• _TASK OBJECTIVE_: From the line below that contains "Walter, a male" to the line that contains "Gallery image 3", repeat every line exactly, both ends included, and nothing else.

• _DATA SUPPLIED_:
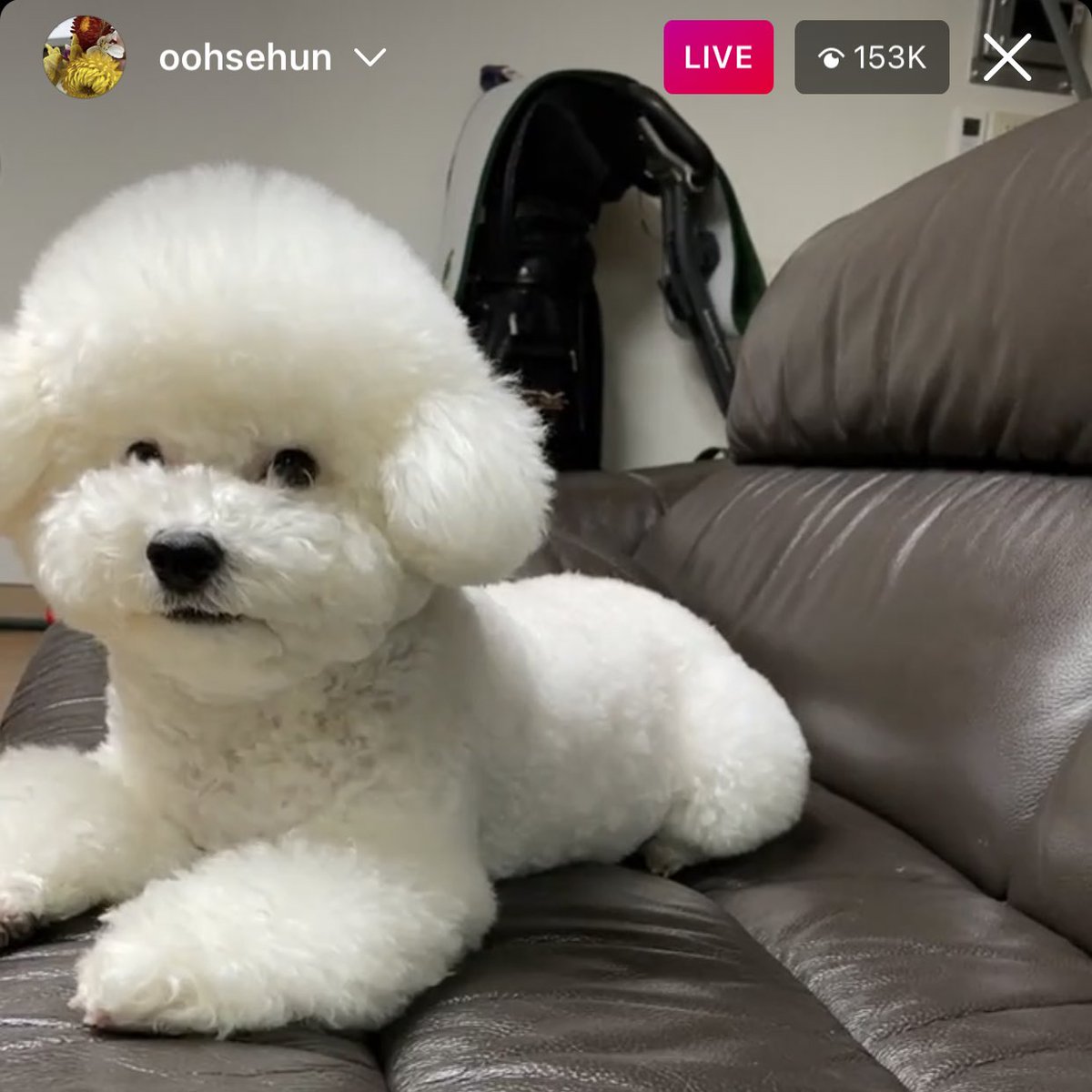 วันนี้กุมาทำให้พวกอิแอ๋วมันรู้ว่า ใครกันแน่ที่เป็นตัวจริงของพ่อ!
* * *
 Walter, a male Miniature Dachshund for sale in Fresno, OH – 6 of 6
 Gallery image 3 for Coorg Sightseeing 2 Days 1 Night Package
...
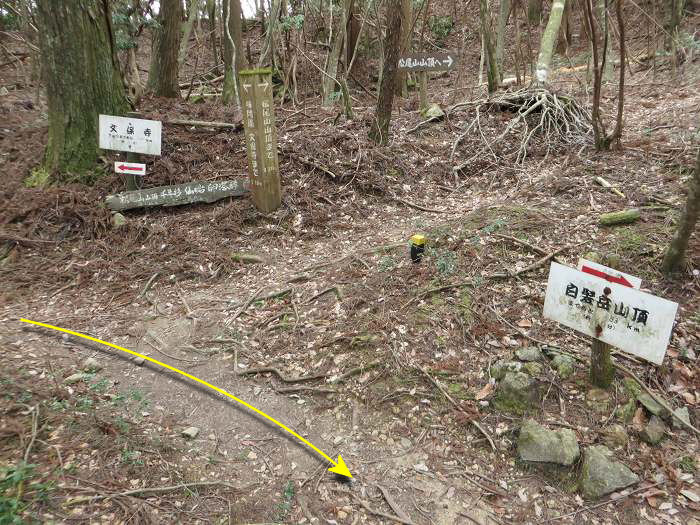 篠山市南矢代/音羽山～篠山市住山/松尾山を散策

• _PROBLEM SOLUTION_:
 Walter, a male Miniature Dachshund for sale in Fresno, OH – 6 of 6
 Gallery image 3 for Coorg Sightseeing 2 Days 1 Night Package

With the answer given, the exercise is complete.